For every $$\alpha, \, r \in (0, 1)$$, a conservative $$1 - \alpha$$ confidence interval for $$p$$ is

$\left[M - z(1 - r \alpha) \frac{1}{2\,\sqrt{n}}, M - z(\alpha - r \alpha) \frac{1}{2\,\sqrt{n}}\right]$

Bounds

1. A conservative $$1 - \alpha$$ level confidence lower bound for $$p$$ is $$M - z(1 - \alpha) \frac{1}{2 \sqrt{n}}$$.
2. A conservative $$1 - \alpha$$ level confidence upper bound for $$p$$ is $$M + z(1 - \alpha) \frac{1}{2 \sqrt{n}}$$.

Of the two-sided $$1 - \alpha$$ conservative confidence intervals in above, the one with smallest length is the equal-tailed interval obtained by letting $$r = \frac{1}{2}$$: $\left[M - z\left(1 - \alpha / 2\right) \frac{1}{2 \sqrt{n}}, M + z\left(1 - \alpha/2\right) \frac{1}{2 \sqrt{n}} \right]$

Proof:

The proof is as before. The length of the interval is $[z(1 - r \alpha) - z(\alpha - r \alpha)] \frac{1}{2 \sqrt{n}}$ The minimum value occurs at $$r = \frac{1}{2}$$ by properties of the standard normal quantile function.

Note that this interval is symmetric about the sample proportion $$M$$ and that the length of the interval is deterministic. This is the conservative two-sided interval that is normally used. Of course, the conservative confidence intervals will be larger than the approximate confidence intervals. The conservative estimate can be used to design the experiment. Recall that the margin of error is the distance between the sample proportion $$M$$ and an endpoint of the confidence interval. We just consider the symmetric, two-sided interval, and the confidence upper and lower bounds.

A conservative estimate of the sample size $$n$$ needed to estimate $$p$$ with confidence $$1 - \alpha$$ and margin of error $$d$$ is given in the equation below, where $$z_\alpha = z(1 - \alpha / 2)$$ for the two-sided interval and $$z_\alpha = z(1 - \alpha)$$ for the confidence upper or lower bound: $n = \left\lceil \frac{z_\alpha^2}{4 d^2} \right\rceil$

Proof:

With confidence level $$1 - \alpha$$, the margin of error is $$z_\alpha \frac{1}{2 \sqrt{n}}$$. Setting this equal to the prescribed value $$d$$ and solving gives the result.

### Computational Exercises

In a poll of 1000 registered voters in a certain district, 427 prefer candidate X. Construct the 95% two-sided confidence interval for the proportion of all registered voters in the district that prefer X.

$$(0.396, 0.458)$$

A coin is tossed 500 times and results in 302 heads. Construct the 95% confidence lower bound for the probability of heads.

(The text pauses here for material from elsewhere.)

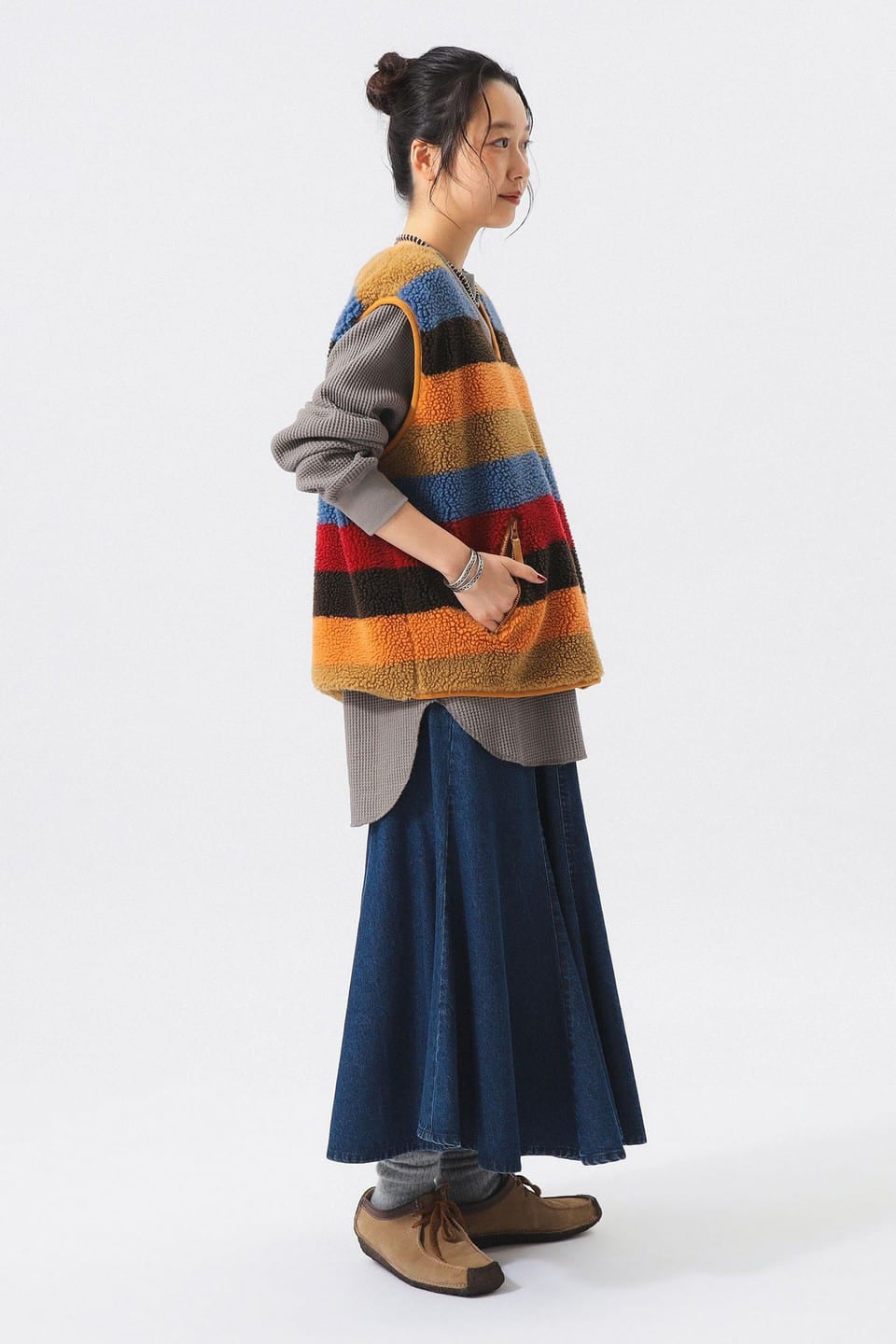 Boy Jacquard Boa Pullover Vest - Multi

Do you believe that the coin is fair?

0.579. No, the coin is almost certainly not fair.

A sample of 400 memory chips from a production line are tested, and 30 are defective. Construct the conservative 90% two-sided confidence interval for the proportion of defective chips.

$$(0.034, 0.116)$$

A drug company wants to estimate the proportion of persons who will experience an adverse reaction to a certain new drug. The company wants a two-sided interval with margin of error 0.03 with 95% confidence. How large should the sample be?

1068

An advertising agency wants to construct a 99% confidence lower bound for the proportion of dentists who recommend a certain brand of toothpaste. The margin of error is to be 0.02. How large should the sample be?

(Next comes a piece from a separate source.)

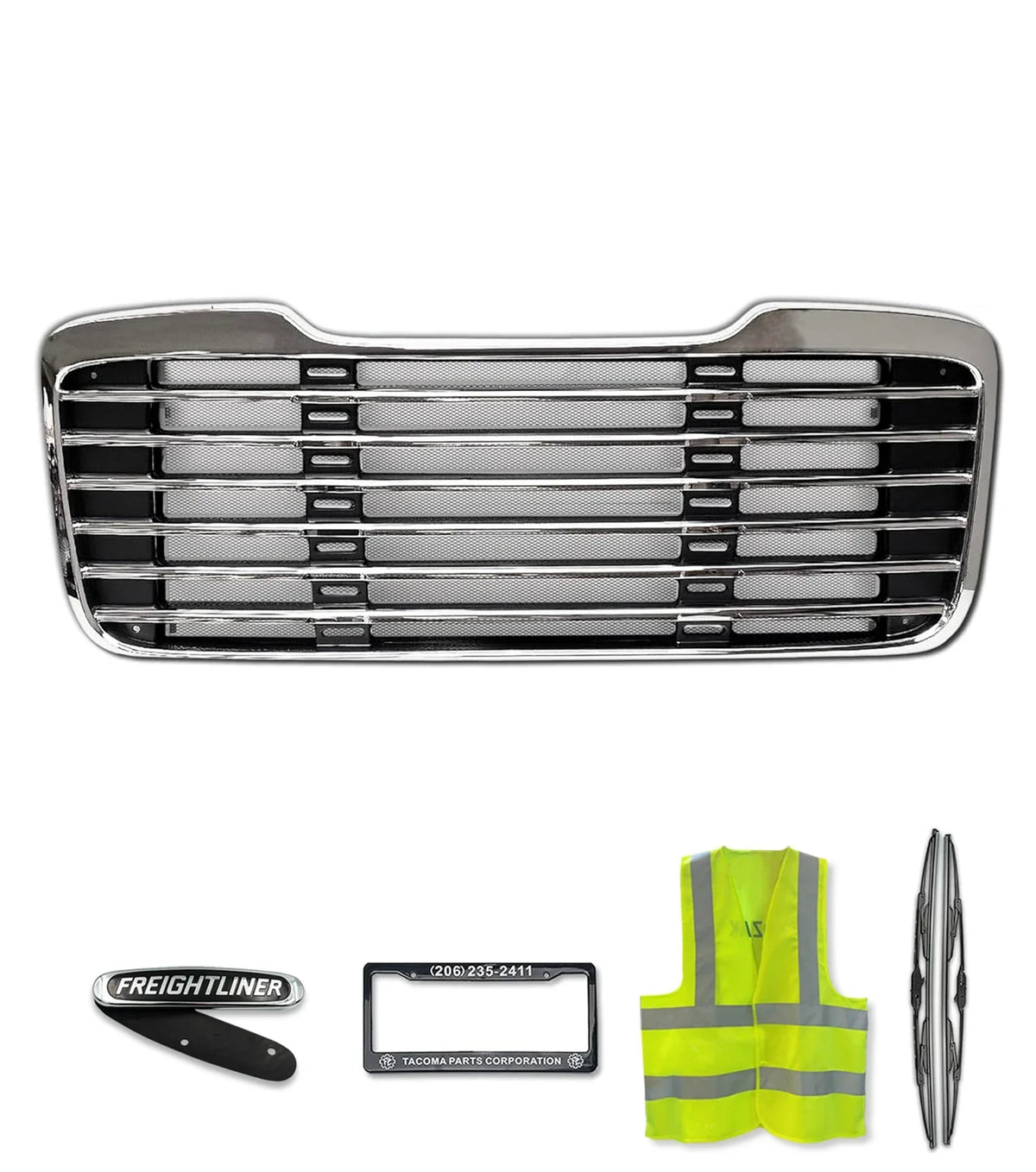 Grille Front Chrome 2003-2022 Freightliner M2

The Buffon trial data set gives the results of 104 repetitions of Buffon's needle experiment. Theoretically, the data should correspond to Bernoulli trials with $$p = 2 / \pi$$, but because real students dropped the needle, the true value of $$p$$ is unknown. Construct a 95% confidence interval for $$p$$. Do you believe that $$p$$ is the theoretical value?
$$(0.433, 0.634)$$. The theoretical value is approximately 0.637, which is not in the confidence interval.